**Dataset:**
====

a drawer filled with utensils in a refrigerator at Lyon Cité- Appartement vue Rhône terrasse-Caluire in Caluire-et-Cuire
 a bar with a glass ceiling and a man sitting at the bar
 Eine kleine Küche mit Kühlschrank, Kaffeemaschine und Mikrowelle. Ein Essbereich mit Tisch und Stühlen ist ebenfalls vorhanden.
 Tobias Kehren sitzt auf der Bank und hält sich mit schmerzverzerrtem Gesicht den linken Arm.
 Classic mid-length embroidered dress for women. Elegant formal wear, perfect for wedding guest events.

====

Filter the entries above and return only the lines holding "with".

a drawer filled with utensils in a refrigerator at Lyon Cité- Appartement vue Rhône terrasse-Caluire in Caluire-et-Cuire
 a bar with a glass ceiling and a man sitting at the bar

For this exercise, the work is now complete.